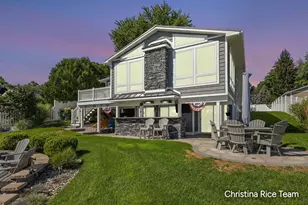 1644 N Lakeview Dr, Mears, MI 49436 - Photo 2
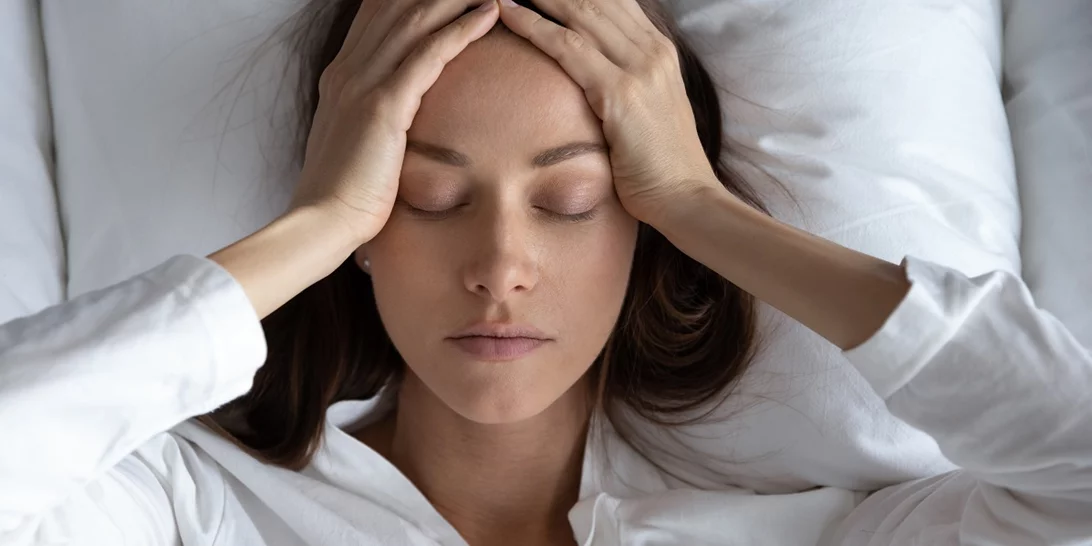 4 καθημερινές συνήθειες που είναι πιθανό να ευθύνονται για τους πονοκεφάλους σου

* * *

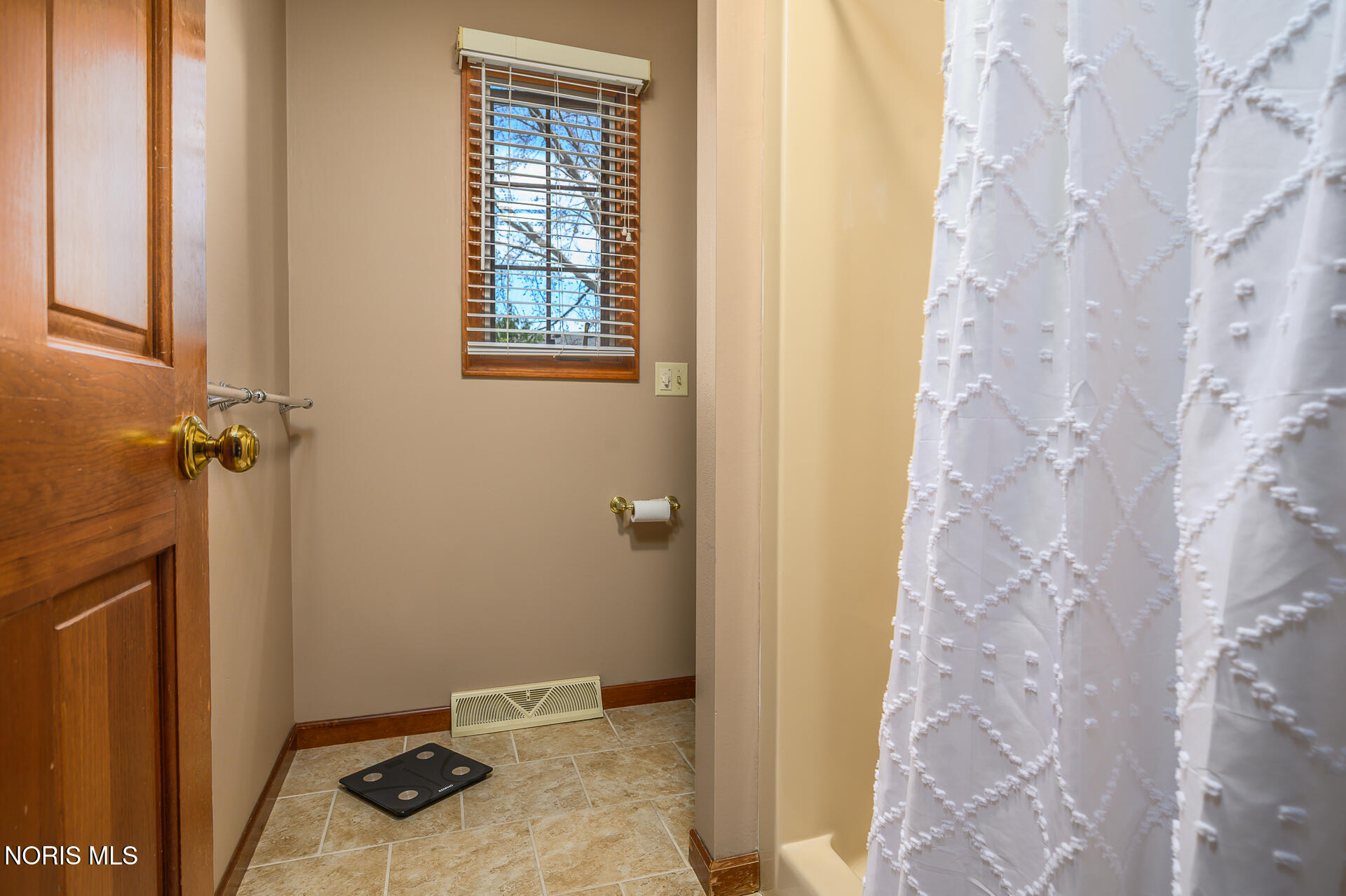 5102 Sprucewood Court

* * *

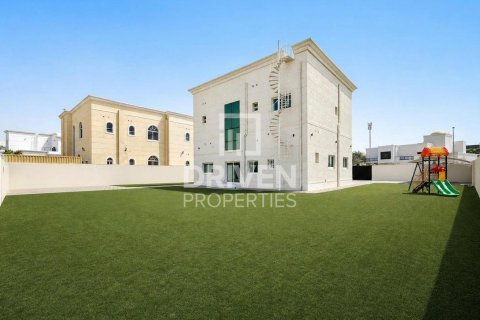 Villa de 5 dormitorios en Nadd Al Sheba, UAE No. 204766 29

* * *

*ABOUT THIS TASK*. Work from the entries above. Set down exactly and only the lines from the line with "1644 N Lakeview" to the line with "4 καθημερινές συνήθειες", both included, and leave the pictures out.

*ANSWER FOR THE TASK*.
 1644 N Lakeview Dr, Mears, MI 49436 - Photo 2
 4 καθημερινές συνήθειες που είναι πιθανό να ευθύνονται για τους πονοκεφάλους σου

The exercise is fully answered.